The university’s monthlong investigation concluded that there was not enough evidence to support a finding of sexual misconduct, but that Standen had fostered a work environment rife with an “unhealthy culture of fear, intimidation and bullying.” Standen did not respond to a request for comment on the matter, but earlier he denied acting inappropriately with law school employees and students. Still, he voluntarily resigned the deanship. He remains on the law faculty.
Todd Bruno, Charleston School of Law, July 2018. Todd Bruno was the director of legal research, analysis and writing at the Charleston School of Law before resigning his position after numerous female students lodged complaints that he had groped them and made sexually inappropriate comments to them. According to a leaked copy of the report that resulted from the school’s investigation, circulated by local news site FitsNews, the school had received seven complaints about Bruno in the previous six months, stemming from incidents between 2016 and 2018.
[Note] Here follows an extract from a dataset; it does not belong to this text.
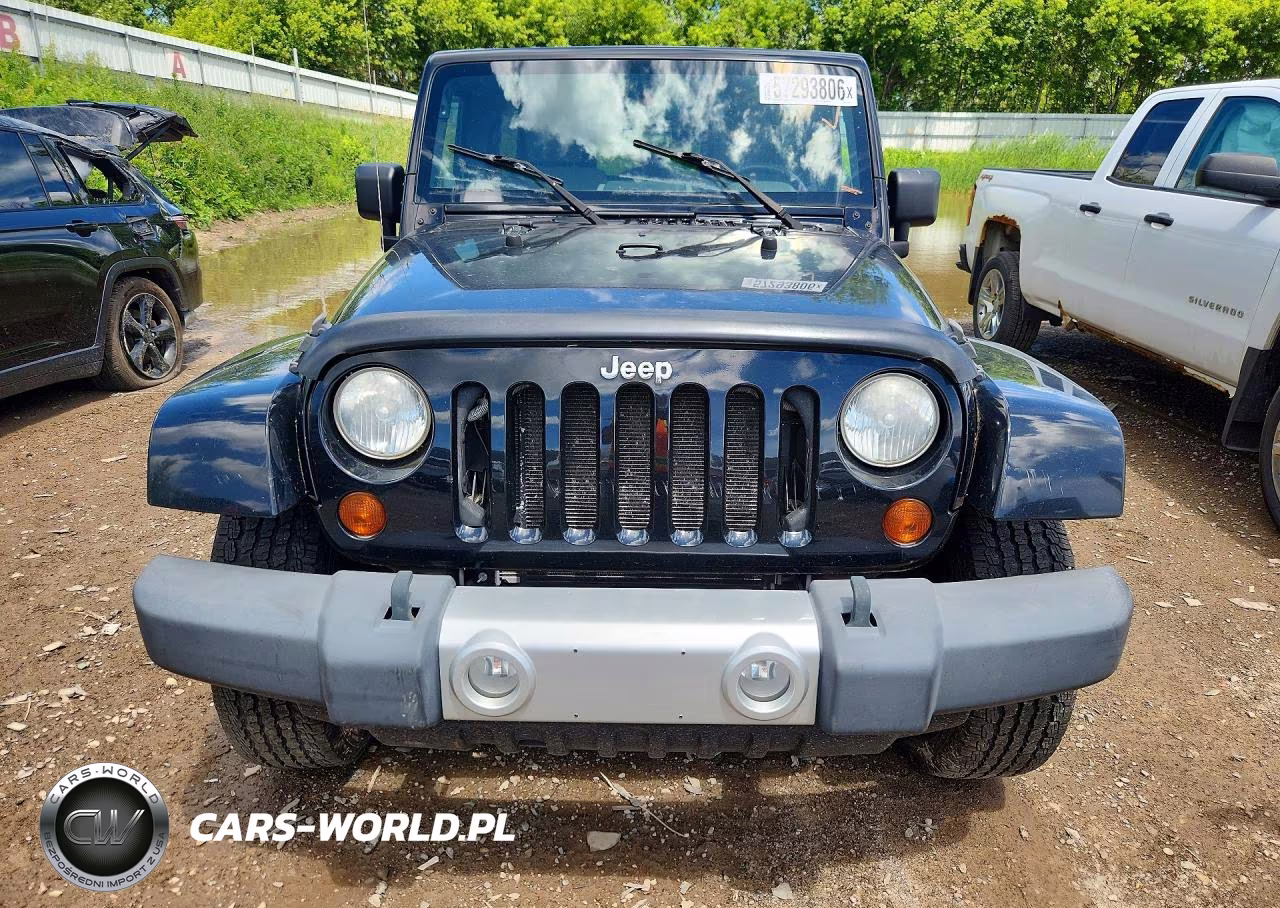2010 Jeep Wrangler Unlimited Sahara VIN:1J4BA5H18AL205639 - 5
Many of the complaints stemmed from Bruno’s position as a moot court and trial advocacy team adviser, where he reportedly drank heavily during out-of-town competitions and groped several students. Multiple students reported that Bruno placed his head on their breasts while out at bars, according to the report. Bruno denied the allegations, but investigators concluded it was more likely than not that the claims against him were credible. The school reportedly reached a monetary settlement with the three complainants, but it declined to comment on Bruno other than to confirm that he is no longer on the faculty.
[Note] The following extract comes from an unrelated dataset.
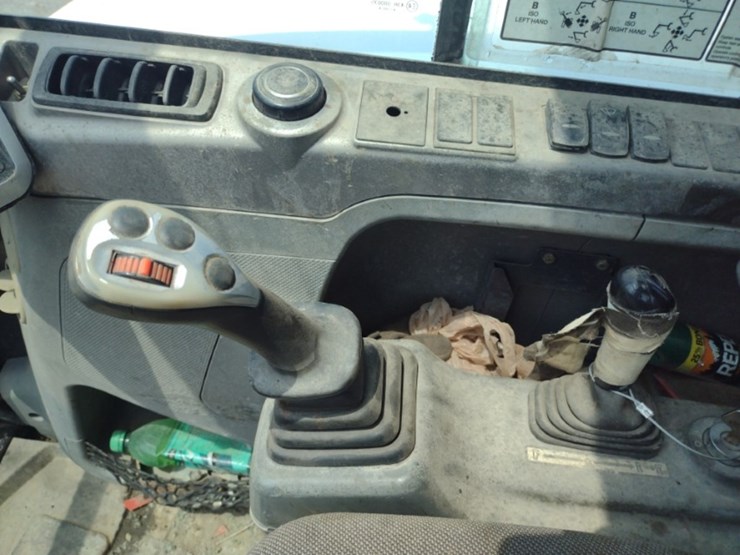 bobcat-e63-image-8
Jay Kesan, University of Illinois College of Law, October 2018. Professor Jay Kesan’s alleged misconduct took place before 2015, but the university did not complete its Title IX investigation until 2017. And the existence of that investigation didn’t go public until October, when an NPR affiliate obtained the resulting report through an open records request. The investigation stemmed from multiple complaints that Kesan had acted inappropriately with students and faculty. One student reported that Kesan had rubbed her thigh; another said he invited her to stay at his apartment; and a faculty member told investigators that he asked invasive questions about her sex life.
The investigators concluded that his behavior violated the campus code of conduct but did not rise to the level of sexual misconduct. (He was required to undergo sexual harassment training.) But news of the investigation prompted a backlash among Illinois law students, with the Student Bar Association calling for his resignation. Law Dean Vik Amar said that the law school must follow established personnel procedures, and he encouraged students to reform how the university handles misconduct cases. Kesan is taking a one-year unpaid leave and did not respond to a request for comment.
Ian Samuel, Indiana University Maurer School of Law-Bloomington, November 2018.
Indiana University has launched a Title IV investigation into professor Ian Samuel, who is in his first semester teaching at the Bloomington law school. Details are scarce at this point about the allegations against Samuel, who is also the co-host of the Supreme Court podcast First Mondays, though university officials on Friday confirmed the existence of an investigation and law dean Austen Parrish told students that Samuel had voluntarily checked himself into a hospital. (Samuel did not respond to multiple requests for comment.)
Title IX investigations typically center of claims of sexual harassment or misconduct, but not always. Samuel is a prominent name in the legal academy, having spurred the national law student movement against mandatory arbitration agreements at large law firm when he circulated a leaked copy of the clause Munger, Tolles & Olson used for summer associates. (The firm quickly ended mandatory arbitration for summer associates amid the backlash.)